Кореец понимающе прикрыл глаза, и он замолчал, решив, что устал Генка, надо отдохнуть ему дать. И отвернулся, глядя в окно, а когда повернул голову через какое-то время, увидел, что тот выжидательно смотрит на него.
— Решил — кранты?
— Ну. Была мысль, что эти побегают под окнами и отвалят, — а вроде я минут двадцать уже в подъезде, а они все здесь кучкуются. И тут лифт снизу пошел. Я стремался долго у окна стоять — хер их знает, засекут еще — и не видел, кто вошел в подъезд-то. Стою между этажами, чтобы рвануть туда или туда, смотря где встанет. И точно — на шестом и встает. Женщина с дочкой — приятная такая, все дела. Ну, думаю, или она спасет, или менты примут. А я при костюме, при галстуке, пальто белое, рожу сделал посолидней — вспомнил, как интеллигентом был, три года ж в институте проучился. Она меня заметила, а я к ней спускаюсь и вежливо так — извините, мол. Вижу, она застремалась, дочку в угол запихнула, сама на меня косится и ключ в дверь…
Он задумался вдруг, не замечая, что взгляд Корейца, внимательно посмотревшего на него при слове «женщина» — не «баба», не «телка», а именно «женщина», — стал еще внимательнее. Задумался о том, что белая мебель в комнате и синяя лампа выглядят как-то по-больничному, и свет такой мертвенный на всем лежит, затягивая синей пленкой. О том, что делает Кореец, когда лежит тут один — непробиваемый, непроницаемый, как всегда, непонятно о чем размышляющий, — когда смотрит в окно, разграфляющее небо. О том, что он странно смотрится на глаженой белой простыне — сам белый становится, а золото на мощных руках поблескивает тускло и погребально. Только вот глаза те же — залитый в узкие щелки черный чугун.
— Ну и чего, Андрюха?
— Ну чего — пустила. Я и так, и так, снизу менты уже идут, сверху вроде тоже голоса слышны. А я ей все рассказываю — видите, мол, я нормальный человек по жизни, а эти сами знаете кто, а я не бесплатно, заплачу. Думал ей намекнуть, что не пустишь, мол, друганы мои на тебя обидятся, а у тебя ж ребенок, — и чего-то не стал. Рот уже открыл — а не стал. А тут она и впустила…

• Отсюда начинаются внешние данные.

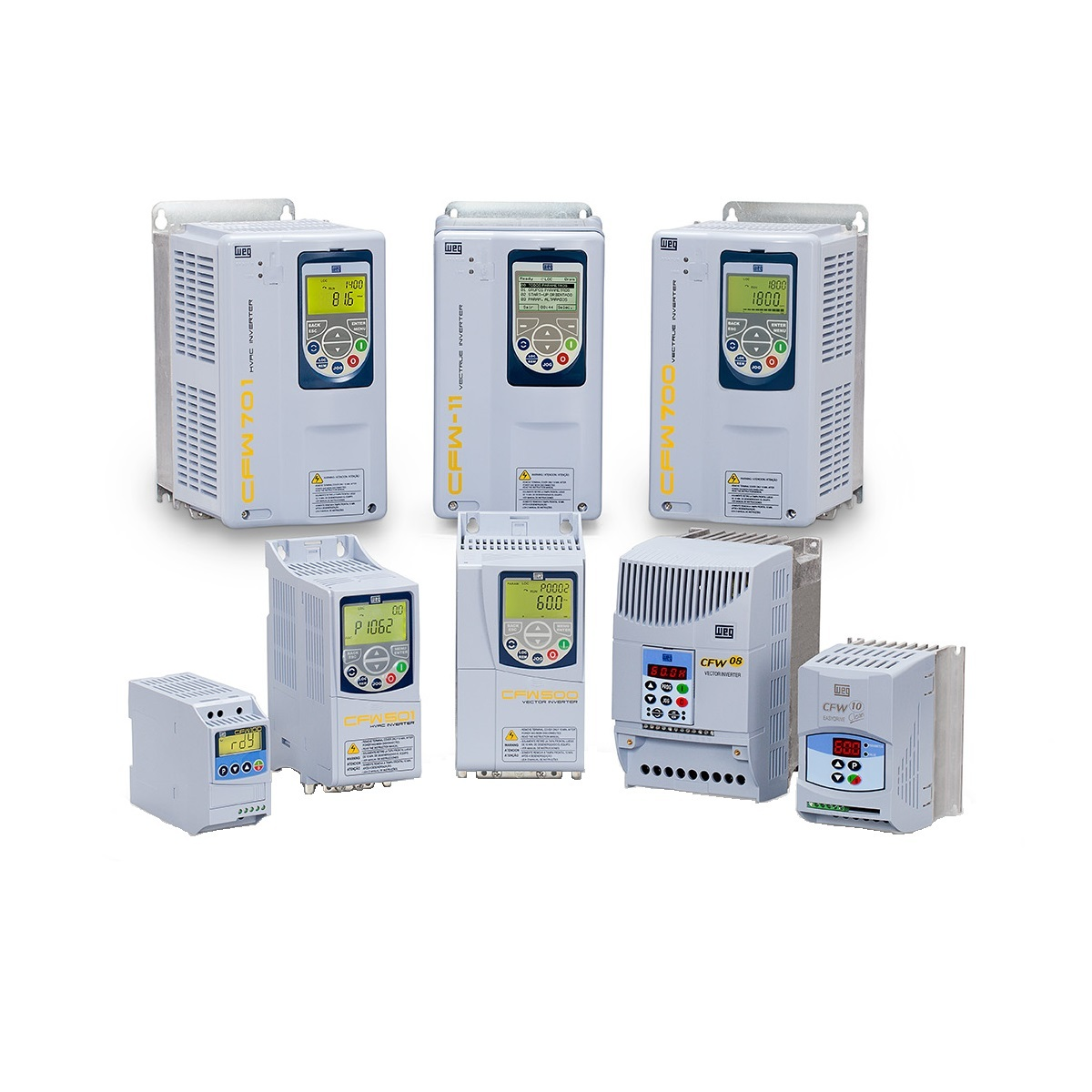 WEG CFDB2-15-8952 Speed Controller Accessory | BB2WHP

Вот такие дела, — продолжил, помолчав задумчиво. — Три часа у нее просидел, с телефона не слезал. Отзвонил кому надо, чтобы с мусорами решали, адвоката выцепил, чтоб готов был. А через три часа пацаны подъехали, покатались поблизости, а потом джип подогнали задом к подъезду, вплотную, — а я из двери прям в багажник, постелили мне там, чтоб почище. Обошлось, короче. Пацанов, которых приняли, отпустить должны к вечеру, завтра утром максимум. Говорят, час пролежали на снегу, эти их еще ногами пинали, они ж смелые, твари, когда их толпа. Тачку мусора забрали, точно поуродуют ее, падлы. Да и хер с ней, не моя ж, на время взял, все равно новую собирался брать. «Бээмвуха» один хер не новая — да и не люблю я их, я ж по «мерсам» больше. Вот закончится все — пятисотый возьму…
— А че с коммерсантом делать думаешь? — Голос Корейца звучал скучно, промежду прочим как бы спросил.